## MATERIAL FOR THE TASK:
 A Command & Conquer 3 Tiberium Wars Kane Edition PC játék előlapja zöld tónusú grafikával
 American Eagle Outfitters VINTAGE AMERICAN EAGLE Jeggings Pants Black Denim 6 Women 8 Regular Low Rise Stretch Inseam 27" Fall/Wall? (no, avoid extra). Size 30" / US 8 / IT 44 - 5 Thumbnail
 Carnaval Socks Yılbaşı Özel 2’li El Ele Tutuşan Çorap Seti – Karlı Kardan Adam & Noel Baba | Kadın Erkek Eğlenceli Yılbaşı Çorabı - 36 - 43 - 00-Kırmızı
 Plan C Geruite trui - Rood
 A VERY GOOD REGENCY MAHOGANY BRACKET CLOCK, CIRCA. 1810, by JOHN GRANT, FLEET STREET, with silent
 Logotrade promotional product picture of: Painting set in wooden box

## YOUR TASK:
Exact copies of the lines from the one with "Plan C Geruite trui - Rood" through the final line of the listing should be returned, and no other lines.

## ANSWER SPACE:
 Plan C Geruite trui - Rood
 A VERY GOOD REGENCY MAHOGANY BRACKET CLOCK, CIRCA. 1810, by JOHN GRANT, FLEET STREET, with silent
 Logotrade promotional product picture of: Painting set in wooden box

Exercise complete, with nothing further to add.